# Detect Invoice Number From Image

In [19]:
import os
os.environ['TF_CPP_MIN_LOG_LEVEL'] = '2'    # Suppress TensorFlow logging (1)
import pathlib
import tensorflow as tf
import cv2
import sys

import time
from object_detection.utils import label_map_util
from object_detection.utils import visualization_utils as viz_utils

import numpy as np
from PIL import Image, ImageDraw
import matplotlib.pyplot as plt
import warnings
warnings.filterwarnings('ignore') 

tf.get_logger().setLevel('ERROR')           # Suppress TensorFlow logging (2)

In [20]:
gpus = tf.config.experimental.list_physical_devices('GPU')
for gpu in gpus:
    tf.config.experimental.set_memory_growth(gpu, True)

###  Variables:
       - IMAGE_PATH : String       -> .jpg || .jpeg file
       - LABEL_MAP_PATH : String   -> .pbtxt file
       - SAVED_MODEL_PATH : String -> "reference to saved_model folder of exported model"

In [23]:
IMAGE_PATH          = "./images/sample.jpg"
LABEL_MAP_PATH      = "./data/label_map.pbtxt"
SAVED_MODEL_PATH    = "./data/saved_model"

### 1. Load the Model

In [24]:
detect_fn = tf.saved_model.load(SAVED_MODEL_PATH)

### 2. Load label map data (for plotting)

In [25]:
category_index = label_map_util.create_category_index_from_labelmap(LABEL_MAP_PATH, use_display_name=True) 

### 3. Convert image into numpy_array

In [26]:
def load_image_into_numpy_array(path):
    return np.array(Image.open(path))

image_np = load_image_into_numpy_array(IMAGE_PATH) 

### 4. The input needs to be a tensor, convert it using `tf.convert_to_tensor`.

In [27]:
input_tensor = tf.convert_to_tensor(image_np)

### 5. The model expects a batch of images, so add an axis with `tf.newaxis`.

In [28]:
input_tensor = input_tensor[tf.newaxis, ...]

### 6. Run Detection

In [29]:
detections = detect_fn(input_tensor)

### 7. All outputs are batches tensors. 
**Convert to numpy arrays, and take index [0] to remove the batch dimension.
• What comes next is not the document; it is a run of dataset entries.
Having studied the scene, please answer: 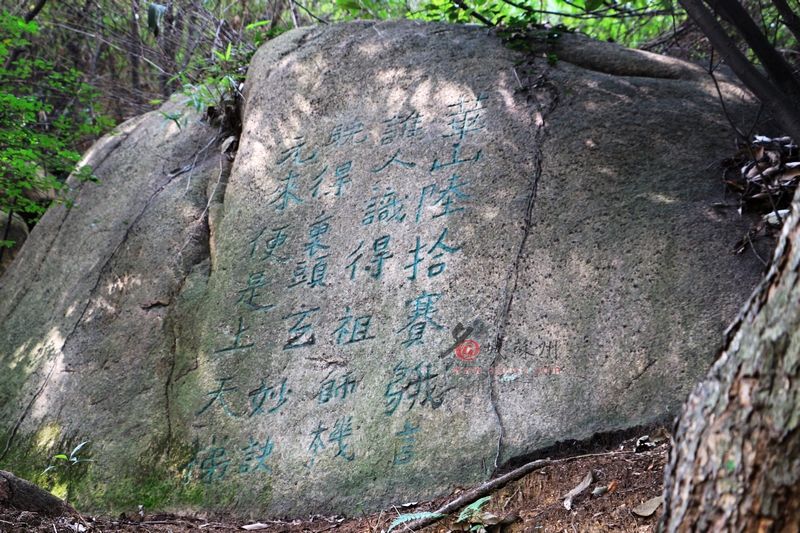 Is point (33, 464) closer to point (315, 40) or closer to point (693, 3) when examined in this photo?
point (315, 40)

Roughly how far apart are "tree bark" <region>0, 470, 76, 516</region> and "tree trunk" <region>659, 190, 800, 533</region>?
245 centimetres

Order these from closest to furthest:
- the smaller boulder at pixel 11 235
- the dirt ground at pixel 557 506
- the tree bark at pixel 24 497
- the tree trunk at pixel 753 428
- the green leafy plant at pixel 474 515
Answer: the tree trunk at pixel 753 428 → the dirt ground at pixel 557 506 → the green leafy plant at pixel 474 515 → the tree bark at pixel 24 497 → the smaller boulder at pixel 11 235

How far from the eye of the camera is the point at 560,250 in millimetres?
3152

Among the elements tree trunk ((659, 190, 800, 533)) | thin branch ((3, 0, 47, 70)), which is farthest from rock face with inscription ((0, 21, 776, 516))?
thin branch ((3, 0, 47, 70))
We're only interested in the first num_detections.**

In [30]:
num_detections = int(detections.pop('num_detections'))
detections = {key: value[0, :num_detections].numpy() for key, value in detections.items()}
detections['num_detections'] = num_detections

### 8. detection_classes should be ints.

In [31]:
detections['detection_classes'] = detections['detection_classes'].astype(np.int64)
image_np_with_detections = image_np.copy()

### *Detection Result Breakdown*

In [32]:
detections['detection_boxes'][0]

array([0.04715748, 0.15597913, 0.24276222, 0.24058676], dtype=float32)

In [33]:
np.where(detections['detection_scores'] == detections['detection_scores'].max())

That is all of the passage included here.